• EXERCISE DIRECTIONS
Retype the line where "Yacht Club Logo" appears and each line that follows it down to the last line of the records below. Leave the pictures out.

[Image-text web data]

########

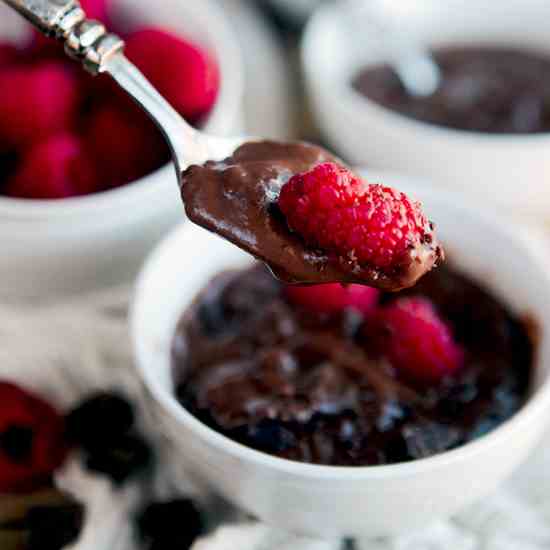 Dark Chocolate Raspberry Pudding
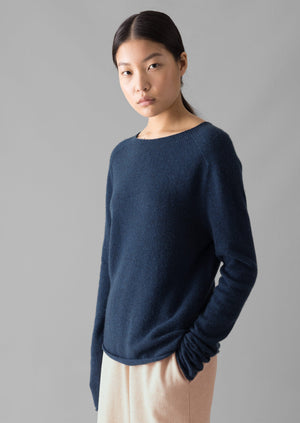 Wool Cashmere Neat Sweater | Midnight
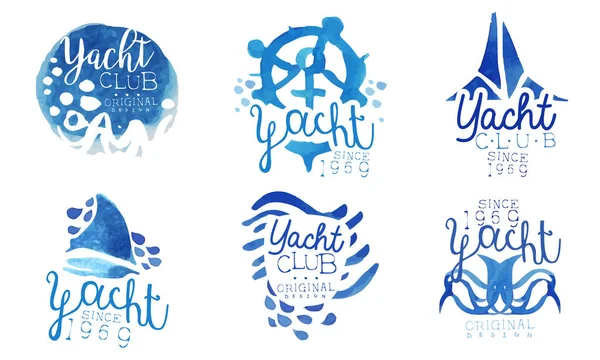 Yacht Club Logo Collection, Sport a vela Blu Acquerello Disegnato a mano Retro Badge Design originale Vector Illustrazione — Vettoriale Stock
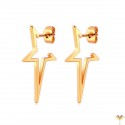 Novelty Open Hollow Star Highly Polished Mirror Finish Rose Gold Color Stainless Steel Punk Style Studded Earrings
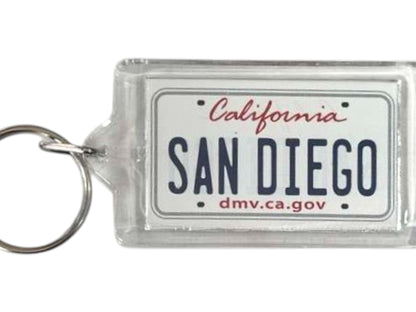 San Diego California License Plate Acrylic Rectangular Souvenir Keychain 2.5" X 1.5"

########

• COMPLETED EXERCISE
 Yacht Club Logo Collection, Sport a vela Blu Acquerello Disegnato a mano Retro Badge Design originale Vector Illustrazione — Vettoriale Stock
 Novelty Open Hollow Star Highly Polished Mirror Finish Rose Gold Color Stainless Steel Punk Style Studded Earrings
 San Diego California License Plate Acrylic Rectangular Souvenir Keychain 2.5" X 1.5"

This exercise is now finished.